No hay duda que siempre será más atractiva la oferta de mayores ingresos que la de mayores sacrificios, la de pasarle la factura por nuestros errores a los extranjeros que pagar nosotros los platos rotos, que a otros les aumenten los impuestos mientras nosotros recibimos subsidios, etc…
La retórica populista es muy exitosa en la aplicación de estas estrategias electorales. La realidad, sin embargo, acaba muy pronto con los espejismos populistas que ofrecen los vendedores de fantasías.
La situación en Venezuela es un ejemplo patético del desastre al que los gobiernos populistas pueden llevar a sus poblaciones. La crisis económica de ese país, que se exacerbó por el desplome del precio del petróleo, ha puesto contra la pared a Nicolás Maduro, convertido en presidente por azar del destino.
Es tal el caos económico en Venezuela que Maduro recurre, cada vez en mayor medida, a la supresión de libertades, a la instrumentación de controles y a la represión para mantenerse en el poder. Eso es posible por el apoyo de las fuerzas armadas que, como ha sucedido tantas veces en Centro y Sudamérica, podrían quitárselo en cualquier momento con un golpe de estado.
Venezuela es un caso extremo del populismo que merece un lugar en Ripley, pero hay otros no tan graves donde quienes usaron la retórica populista la abandonan al llegar al poder, aun cuando ello signifique traicionar las promesas hechas a sus electores.
Este es el caso de Grecia, tantas veces en los titulares de prensa durante los últimos 5 años. La ocasión más reciente en que se centró la atención de los inversionistas sobre el país helénico fue aprincipios de año, cuando los griegos eligieron a un gobierno que los embelesó con sus promesas populistas.
Alexis Tsipras conquistó a los griegos con sus promesas de campaña, entre las que sobresalían el rechazo a las condiciones del rescate financiero, la disminución substancial de la deuda externa, la recontratación de empleados públicos despedidos, el alza de los salarios, la reducción de los impuestos, la cancelación de las operaciones de privatización de empresas gubernamentales y un mayor gasto público. En pocas palabras, el final de las penurias y los sacrificios para la población griega y, para rematar, sin abandonar el euro.
Tspiras cabildeó esas medidas por varias semanas fuera de Grecia, pero el rechazo por parte de los demás miembros de la eurozona lo obligó a aceptar la realidad, no sin antes haber puesto a su país al borde del colapso.

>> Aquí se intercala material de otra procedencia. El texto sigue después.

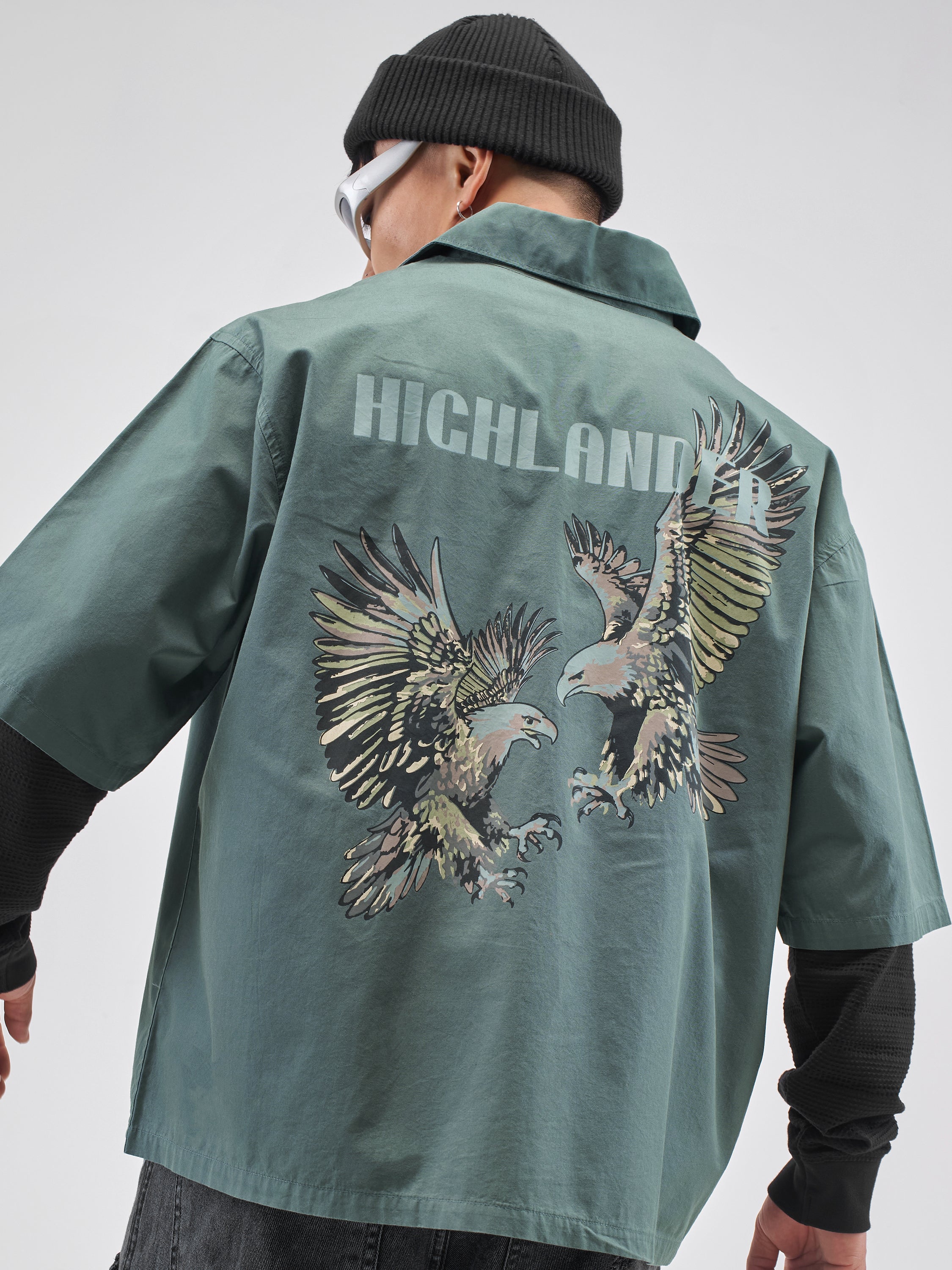 Highlander Men Green Printed Boxy Fit Casual Shirt - Green - Image 1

Los grandes logros de sus negociaciones fueron tres "victorias" pírricas, porque en el proceso dañó su economía, provocó un éxodo masivo de dinero de sus bancos y llevó al país cerca de la bancarrota. Estas "victorias" consistieron en lo siguiente:
Primero, los griegos negociaron un menor superávit primario de las finanzas públicas en relación con el planeado previamente; segundo, el Fondo Monetario Internacional, el Banco Central Europeo, y la Comisión Europea ya no serían conocidos como "troika" sino como "instituciones"; tercero, obtuvo una extensión de cuatro meses del programa de rescate.
Esta extensión, sin embargo, es condicional. En estos días y hasta el mes de abril el gobierno griego tendrá que sentarse con las "instituciones" para decidir sobre la lista de reformas y compromisos del nuevo gobierno, así como los avances de las medidas aprobadas por gobiernos anteriores que Tspiras calificó de intolerables durante su campaña.
Ahora tendrá que reconocer que quedarse dentro del euro implica aceptar lo intolerable, renunciando a cada vez más promesas electorales si quiere llegar a algún acuerdo con los países de la eurozona.
El seguir dentro del euro lo obligará, muy probablemente, a proponer un programa económico muy similar al del gobierno anterior, ante el desencanto de sus electores, que tendrán que aceptar más sacrificios económicos. Cualquier otra cosa sería inaceptable para los acreedores y podría llevar a la salida de Grecia de la eurozona.